== Segment start ==

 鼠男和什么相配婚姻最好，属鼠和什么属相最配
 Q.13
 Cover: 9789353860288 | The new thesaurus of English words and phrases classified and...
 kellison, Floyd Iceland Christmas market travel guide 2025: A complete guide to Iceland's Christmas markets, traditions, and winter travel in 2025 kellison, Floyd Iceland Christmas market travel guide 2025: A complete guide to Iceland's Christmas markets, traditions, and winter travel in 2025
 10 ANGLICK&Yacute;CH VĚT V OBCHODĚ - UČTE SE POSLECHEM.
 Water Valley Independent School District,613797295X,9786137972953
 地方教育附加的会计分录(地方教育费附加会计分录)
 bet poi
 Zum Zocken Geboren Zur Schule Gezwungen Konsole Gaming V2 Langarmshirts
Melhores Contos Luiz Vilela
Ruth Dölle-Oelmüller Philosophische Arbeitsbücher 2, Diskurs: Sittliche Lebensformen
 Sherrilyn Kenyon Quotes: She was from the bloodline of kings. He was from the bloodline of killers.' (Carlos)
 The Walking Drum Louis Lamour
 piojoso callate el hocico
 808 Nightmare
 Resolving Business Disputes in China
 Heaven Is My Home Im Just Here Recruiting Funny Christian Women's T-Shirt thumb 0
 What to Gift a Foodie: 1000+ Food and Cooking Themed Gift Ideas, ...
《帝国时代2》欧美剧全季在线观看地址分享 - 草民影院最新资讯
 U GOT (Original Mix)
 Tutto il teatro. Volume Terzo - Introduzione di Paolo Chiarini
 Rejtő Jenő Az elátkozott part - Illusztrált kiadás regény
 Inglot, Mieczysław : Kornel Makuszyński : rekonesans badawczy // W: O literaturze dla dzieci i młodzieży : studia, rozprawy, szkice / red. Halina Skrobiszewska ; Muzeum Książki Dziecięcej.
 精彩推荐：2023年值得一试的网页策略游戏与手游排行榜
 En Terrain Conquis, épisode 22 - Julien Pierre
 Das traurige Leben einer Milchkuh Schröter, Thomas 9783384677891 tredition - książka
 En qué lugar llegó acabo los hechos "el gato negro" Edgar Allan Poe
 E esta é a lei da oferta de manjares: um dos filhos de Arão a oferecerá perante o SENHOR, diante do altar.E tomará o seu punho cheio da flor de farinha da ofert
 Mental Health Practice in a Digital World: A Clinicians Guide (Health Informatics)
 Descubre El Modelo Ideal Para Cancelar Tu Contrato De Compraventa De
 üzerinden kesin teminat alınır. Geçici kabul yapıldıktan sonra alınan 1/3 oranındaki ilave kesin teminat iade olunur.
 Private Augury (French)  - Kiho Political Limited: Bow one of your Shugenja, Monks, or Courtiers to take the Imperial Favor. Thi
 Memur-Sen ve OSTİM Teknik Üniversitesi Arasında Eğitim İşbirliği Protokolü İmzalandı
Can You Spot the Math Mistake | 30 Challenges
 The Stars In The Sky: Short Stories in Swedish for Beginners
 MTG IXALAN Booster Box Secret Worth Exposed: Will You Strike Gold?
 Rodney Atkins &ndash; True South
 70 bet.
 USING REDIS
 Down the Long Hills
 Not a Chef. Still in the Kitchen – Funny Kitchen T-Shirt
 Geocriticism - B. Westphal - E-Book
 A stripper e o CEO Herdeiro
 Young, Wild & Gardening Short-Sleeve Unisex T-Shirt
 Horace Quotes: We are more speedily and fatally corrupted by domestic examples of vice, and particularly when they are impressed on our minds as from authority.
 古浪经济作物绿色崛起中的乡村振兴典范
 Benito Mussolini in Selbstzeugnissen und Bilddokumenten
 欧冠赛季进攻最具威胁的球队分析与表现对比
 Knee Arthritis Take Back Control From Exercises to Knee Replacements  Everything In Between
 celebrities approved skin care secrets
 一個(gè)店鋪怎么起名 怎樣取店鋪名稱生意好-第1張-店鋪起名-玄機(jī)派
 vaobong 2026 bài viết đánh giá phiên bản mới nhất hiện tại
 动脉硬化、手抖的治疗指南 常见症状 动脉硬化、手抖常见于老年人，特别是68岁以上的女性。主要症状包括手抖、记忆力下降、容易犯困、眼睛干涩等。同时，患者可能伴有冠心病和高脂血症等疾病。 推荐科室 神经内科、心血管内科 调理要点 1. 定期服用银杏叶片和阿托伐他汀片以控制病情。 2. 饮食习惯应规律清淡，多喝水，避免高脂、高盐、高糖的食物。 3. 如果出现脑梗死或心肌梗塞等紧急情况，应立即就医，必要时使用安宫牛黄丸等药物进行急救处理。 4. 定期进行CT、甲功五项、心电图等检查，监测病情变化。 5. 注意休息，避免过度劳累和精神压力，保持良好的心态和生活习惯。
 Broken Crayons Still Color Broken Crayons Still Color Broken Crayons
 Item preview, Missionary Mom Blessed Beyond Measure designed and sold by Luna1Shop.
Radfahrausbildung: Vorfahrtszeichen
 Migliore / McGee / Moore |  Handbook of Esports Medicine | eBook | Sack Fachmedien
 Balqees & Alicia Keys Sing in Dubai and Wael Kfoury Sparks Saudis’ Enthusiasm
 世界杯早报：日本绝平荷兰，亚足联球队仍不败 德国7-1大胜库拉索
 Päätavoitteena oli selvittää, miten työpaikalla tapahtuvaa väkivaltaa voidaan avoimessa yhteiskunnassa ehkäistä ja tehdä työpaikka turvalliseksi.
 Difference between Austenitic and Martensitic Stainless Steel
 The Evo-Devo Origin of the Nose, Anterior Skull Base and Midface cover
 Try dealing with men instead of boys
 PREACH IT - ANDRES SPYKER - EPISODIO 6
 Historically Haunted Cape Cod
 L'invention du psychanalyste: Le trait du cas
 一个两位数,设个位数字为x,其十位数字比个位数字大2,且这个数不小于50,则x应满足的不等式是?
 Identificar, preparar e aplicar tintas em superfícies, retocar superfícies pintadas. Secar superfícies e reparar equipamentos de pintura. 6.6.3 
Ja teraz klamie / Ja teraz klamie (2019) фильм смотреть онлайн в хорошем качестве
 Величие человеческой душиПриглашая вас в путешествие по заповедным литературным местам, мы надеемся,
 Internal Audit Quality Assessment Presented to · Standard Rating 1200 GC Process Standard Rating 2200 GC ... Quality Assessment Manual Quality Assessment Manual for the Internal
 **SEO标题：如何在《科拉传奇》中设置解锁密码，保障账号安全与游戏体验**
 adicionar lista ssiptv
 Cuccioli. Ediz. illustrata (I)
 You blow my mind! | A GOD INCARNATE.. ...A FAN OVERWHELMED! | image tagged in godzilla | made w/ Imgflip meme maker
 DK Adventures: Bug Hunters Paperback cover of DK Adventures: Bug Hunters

== Segment end ==

▸ **BRIEF**:
May I have the entries returned exactly, with every line in place?

▸ **ANSWER TO THE PROBLEM**:
 鼠男和什么相配婚姻最好，属鼠和什么属相最配
 Q.13
 Cover: 9789353860288 | The new thesaurus of English words and phrases classified and...
 kellison, Floyd Iceland Christmas market travel guide 2025: A complete guide to Iceland's Christmas markets, traditions, and winter travel in 2025 kellison, Floyd Iceland Christmas market travel guide 2025: A complete guide to Iceland's Christmas markets, traditions, and winter travel in 2025
 10 ANGLICK&Yacute;CH VĚT V OBCHODĚ - UČTE SE POSLECHEM.
 Water Valley Independent School District,613797295X,9786137972953
 地方教育附加的会计分录(地方教育费附加会计分录)
 bet poi
 Zum Zocken Geboren Zur Schule Gezwungen Konsole Gaming V2 Langarmshirts
Melhores Contos Luiz Vilela
Ruth Dölle-Oelmüller Philosophische Arbeitsbücher 2, Diskurs: Sittliche Lebensformen
 Sherrilyn Kenyon Quotes: She was from the bloodline of kings. He was from the bloodline of killers.' (Carlos)
 The Walking Drum Louis Lamour
 piojoso callate el hocico
 808 Nightmare
 Resolving Business Disputes in China
 Heaven Is My Home Im Just Here Recruiting Funny Christian Women's T-Shirt thumb 0
 What to Gift a Foodie: 1000+ Food and Cooking Themed Gift Ideas, ...
《帝国时代2》欧美剧全季在线观看地址分享 - 草民影院最新资讯
 U GOT (Original Mix)
 Tutto il teatro. Volume Terzo - Introduzione di Paolo Chiarini
 Rejtő Jenő Az elátkozott part - Illusztrált kiadás regény
 Inglot, Mieczysław : Kornel Makuszyński : rekonesans badawczy // W: O literaturze dla dzieci i młodzieży : studia, rozprawy, szkice / red. Halina Skrobiszewska ; Muzeum Książki Dziecięcej.
 精彩推荐：2023年值得一试的网页策略游戏与手游排行榜
 En Terrain Conquis, épisode 22 - Julien Pierre
 Das traurige Leben einer Milchkuh Schröter, Thomas 9783384677891 tredition - książka
 En qué lugar llegó acabo los hechos "el gato negro" Edgar Allan Poe
 E esta é a lei da oferta de manjares: um dos filhos de Arão a oferecerá perante o SENHOR, diante do altar.E tomará o seu punho cheio da flor de farinha da ofert
 Mental Health Practice in a Digital World: A Clinicians Guide (Health Informatics)
 Descubre El Modelo Ideal Para Cancelar Tu Contrato De Compraventa De
 üzerinden kesin teminat alınır. Geçici kabul yapıldıktan sonra alınan 1/3 oranındaki ilave kesin teminat iade olunur.
 Private Augury (French)  - Kiho Political Limited: Bow one of your Shugenja, Monks, or Courtiers to take the Imperial Favor. Thi
 Memur-Sen ve OSTİM Teknik Üniversitesi Arasında Eğitim İşbirliği Protokolü İmzalandı
Can You Spot the Math Mistake | 30 Challenges
 The Stars In The Sky: Short Stories in Swedish for Beginners
 MTG IXALAN Booster Box Secret Worth Exposed: Will You Strike Gold?
 Rodney Atkins &ndash; True South
 70 bet.
 USING REDIS
 Down the Long Hills
 Not a Chef. Still in the Kitchen – Funny Kitchen T-Shirt
 Geocriticism - B. Westphal - E-Book
 A stripper e o CEO Herdeiro
 Young, Wild & Gardening Short-Sleeve Unisex T-Shirt
 Horace Quotes: We are more speedily and fatally corrupted by domestic examples of vice, and particularly when they are impressed on our minds as from authority.
 古浪经济作物绿色崛起中的乡村振兴典范
 Benito Mussolini in Selbstzeugnissen und Bilddokumenten
 欧冠赛季进攻最具威胁的球队分析与表现对比
 Knee Arthritis Take Back Control From Exercises to Knee Replacements  Everything In Between
 celebrities approved skin care secrets
 一個(gè)店鋪怎么起名 怎樣取店鋪名稱生意好-第1張-店鋪起名-玄機(jī)派
 vaobong 2026 bài viết đánh giá phiên bản mới nhất hiện tại
 动脉硬化、手抖的治疗指南 常见症状 动脉硬化、手抖常见于老年人，特别是68岁以上的女性。主要症状包括手抖、记忆力下降、容易犯困、眼睛干涩等。同时，患者可能伴有冠心病和高脂血症等疾病。 推荐科室 神经内科、心血管内科 调理要点 1. 定期服用银杏叶片和阿托伐他汀片以控制病情。 2. 饮食习惯应规律清淡，多喝水，避免高脂、高盐、高糖的食物。 3. 如果出现脑梗死或心肌梗塞等紧急情况，应立即就医，必要时使用安宫牛黄丸等药物进行急救处理。 4. 定期进行CT、甲功五项、心电图等检查，监测病情变化。 5. 注意休息，避免过度劳累和精神压力，保持良好的心态和生活习惯。
 Broken Crayons Still Color Broken Crayons Still Color Broken Crayons
 Item preview, Missionary Mom Blessed Beyond Measure designed and sold by Luna1Shop.
Radfahrausbildung: Vorfahrtszeichen
 Migliore / McGee / Moore |  Handbook of Esports Medicine | eBook | Sack Fachmedien
 Balqees & Alicia Keys Sing in Dubai and Wael Kfoury Sparks Saudis’ Enthusiasm
 世界杯早报：日本绝平荷兰，亚足联球队仍不败 德国7-1大胜库拉索
 Päätavoitteena oli selvittää, miten työpaikalla tapahtuvaa väkivaltaa voidaan avoimessa yhteiskunnassa ehkäistä ja tehdä työpaikka turvalliseksi.
 Difference between Austenitic and Martensitic Stainless Steel
 The Evo-Devo Origin of the Nose, Anterior Skull Base and Midface cover
 Try dealing with men instead of boys
 PREACH IT - ANDRES SPYKER - EPISODIO 6
 Historically Haunted Cape Cod
 L'invention du psychanalyste: Le trait du cas
 一个两位数,设个位数字为x,其十位数字比个位数字大2,且这个数不小于50,则x应满足的不等式是?
 Identificar, preparar e aplicar tintas em superfícies, retocar superfícies pintadas. Secar superfícies e reparar equipamentos de pintura. 6.6.3 
Ja teraz klamie / Ja teraz klamie (2019) фильм смотреть онлайн в хорошем качестве
 Величие человеческой душиПриглашая вас в путешествие по заповедным литературным местам, мы надеемся,
 Internal Audit Quality Assessment Presented to · Standard Rating 1200 GC Process Standard Rating 2200 GC ... Quality Assessment Manual Quality Assessment Manual for the Internal
 **SEO标题：如何在《科拉传奇》中设置解锁密码，保障账号安全与游戏体验**
 adicionar lista ssiptv
 Cuccioli. Ediz. illustrata (I)
 You blow my mind! | A GOD INCARNATE.. ...A FAN OVERWHELMED! | image tagged in godzilla | made w/ Imgflip meme maker
 DK Adventures: Bug Hunters Paperback cover of DK Adventures: Bug Hunters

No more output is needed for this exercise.